• _Instructions for the task_
Give back the records that follow exactly, images excluded.

[Exercise inputs]

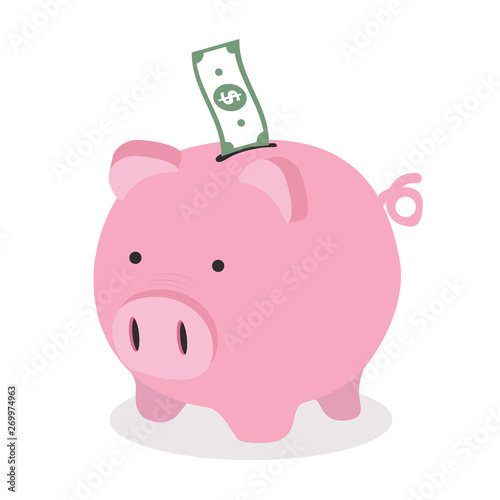 Piggy bank with dollar banknote vector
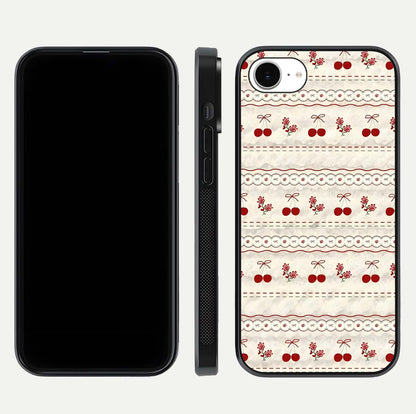 Cherry Bloom Charm Glass Case for iPhone 16e front-and-back layout displaying floral art and smooth finish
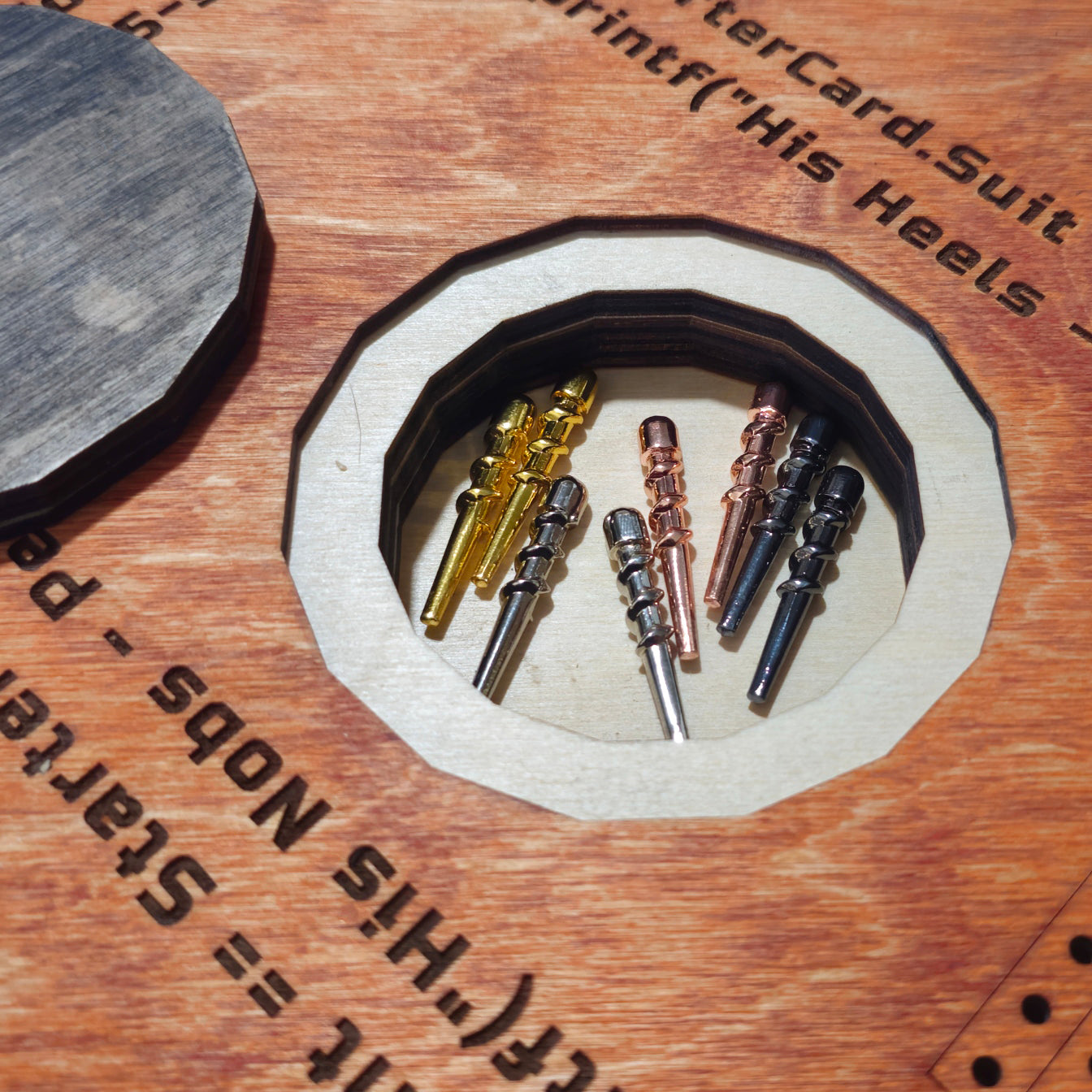 1/8" Spiral Tapered Metal Cribbage Pegs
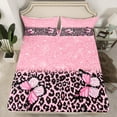 thumbnail image 2 of jejeloiu Cartoon Cheetah Pattern Twin Sheet Sets,Chic Glitter Print Twin Fitted Sheet,Pink Leopard Print Flat Sheet For Girls Teens,Breathable Home Decor,3pcs, 2 of 7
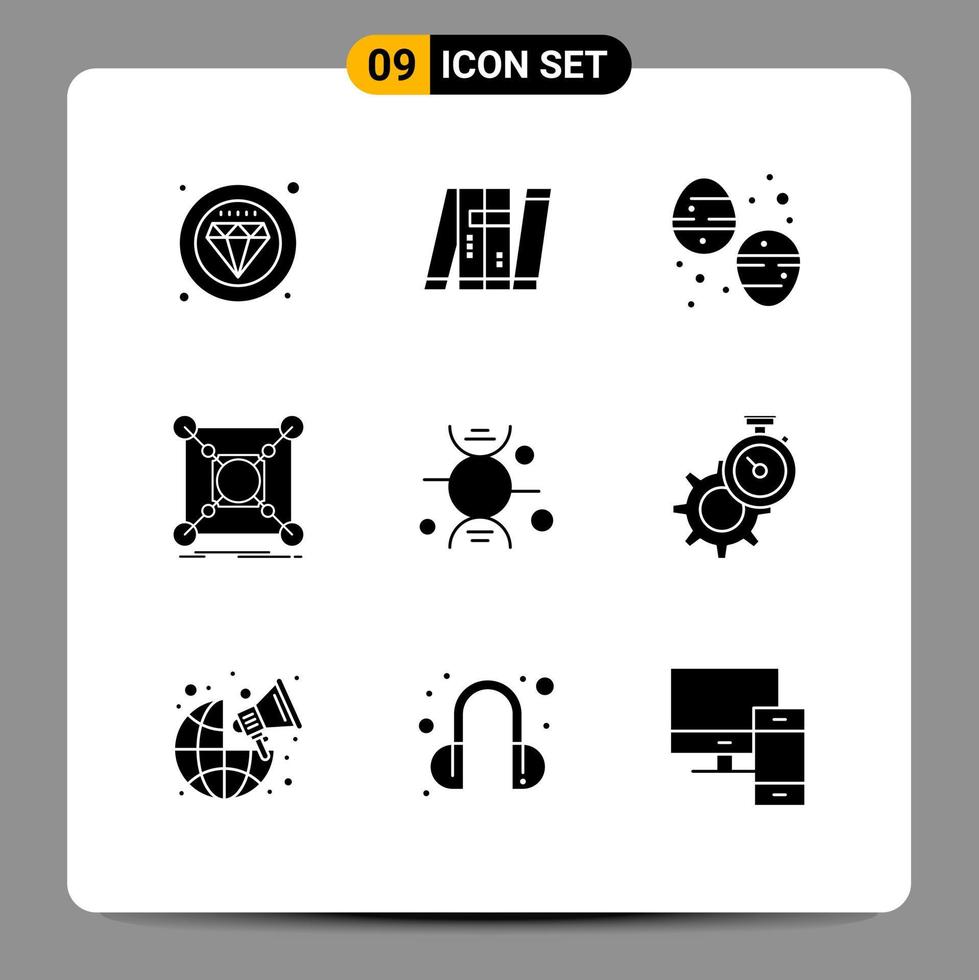 Universal Icon Symbols Group of 9 Modern Solid Glyphs of hub connection military center sweets Editable Vector Design Elements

[/Exercise inputs]

• _Problem solution_
 Piggy bank with dollar banknote vector
 Cherry Bloom Charm Glass Case for iPhone 16e front-and-back layout displaying floral art and smooth finish
 1/8" Spiral Tapered Metal Cribbage Pegs
 thumbnail image 2 of jejeloiu Cartoon Cheetah Pattern Twin Sheet Sets,Chic Glitter Print Twin Fitted Sheet,Pink Leopard Print Flat Sheet For Girls Teens,Breathable Home Decor,3pcs, 2 of 7
 Universal Icon Symbols Group of 9 Modern Solid Glyphs of hub connection military center sweets Editable Vector Design Elements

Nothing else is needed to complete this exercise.